→ Task data:
================

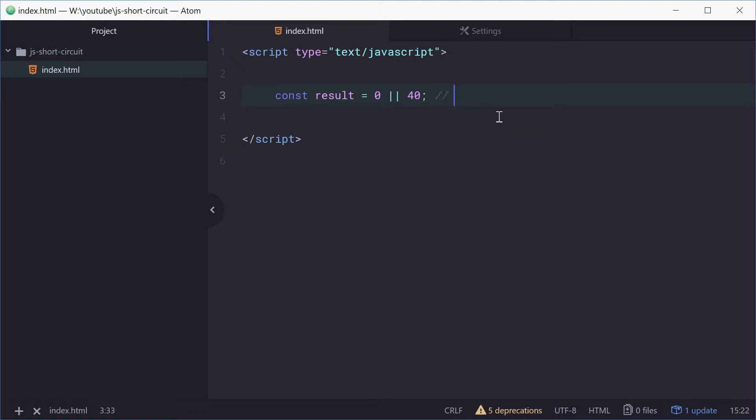That's because the way it works is it checks if this value is falsy. If it is, then it goes to this value. If that value is falsy, it goes to the next one. But in this case, 40 is not falsy, so the value of result is 40.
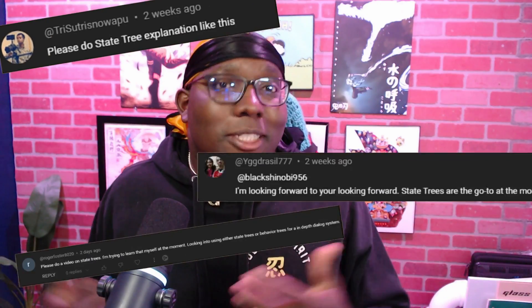Everybody's talking about State Trees, the new tool in Unreal Engine that's allowing developers to implement AI in a new way. The question I had was: are State Trees any better than behavior trees, blueprints, or state machines? So I spent the last few weeks studying them, and there are some glaring issues but overall they're wonderful.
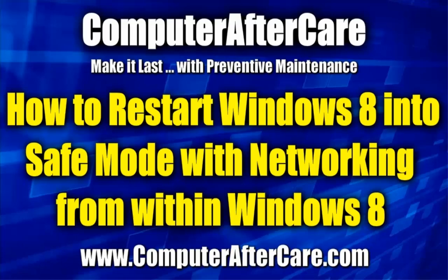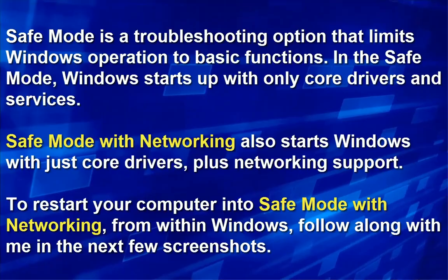Hi, this is Dale with Computer Advocator and today I want to show you how to restart Windows 8 into Safe Mode with networking from within Windows 8. Safe Mode is a troubleshooting option that limits Windows to basic functions and only starts up with core drivers and services. Safe Mode with networking also starts with just these core drivers plus networking support.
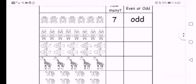The next one is owls. Let's count the owls. 1, 2, 3, 4, 5, 6, 7, 8. So under the column that says how many, you're going to write the number 8. Now let's see if 8 is even or odd.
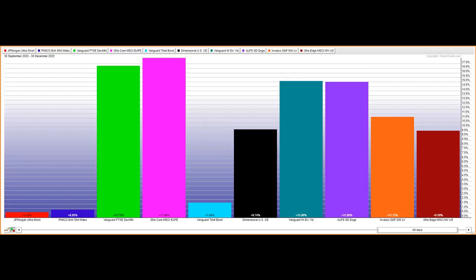Now, Todd Rosenbluth, he's the last one on our list here. He's a researcher over at Vetify, and he expects dividend ETFs to be in favor this year.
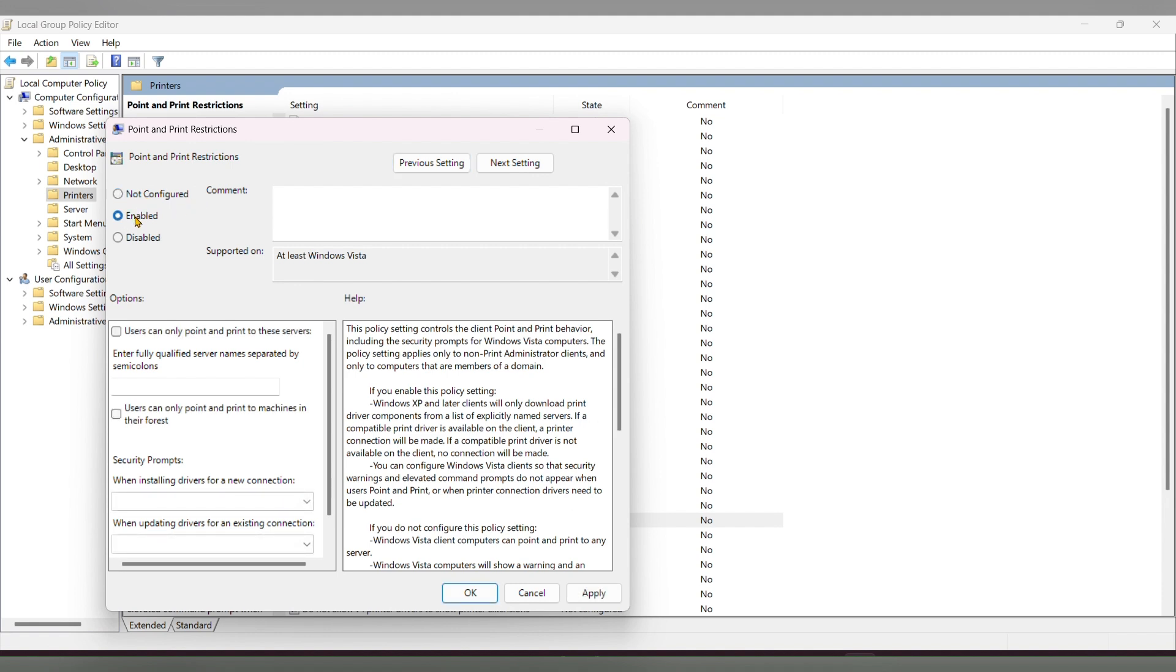If it is set to 'Not Configured', you have to enable it, then click 'Apply', 'OK', and close it.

================

Would you copy the lines above exactly, starting with the one that has "Hi, this is" and ending with the one that has "Now, Todd Rosenbluth, he's", both included, without the pictures?

Hi, this is Dale with Computer Advocator and today I want to show you how to restart Windows 8 into Safe Mode with networking from within Windows 8. Safe Mode is a troubleshooting option that limits Windows to basic functions and only starts up with core drivers and services. Safe Mode with networking also starts with just these core drivers plus networking support.
The next one is owls. Let's count the owls. 1, 2, 3, 4, 5, 6, 7, 8. So under the column that says how many, you're going to write the number 8. Now let's see if 8 is even or odd.
Now, Todd Rosenbluth, he's the last one on our list here. He's a researcher over at Vetify, and he expects dividend ETFs to be in favor this year.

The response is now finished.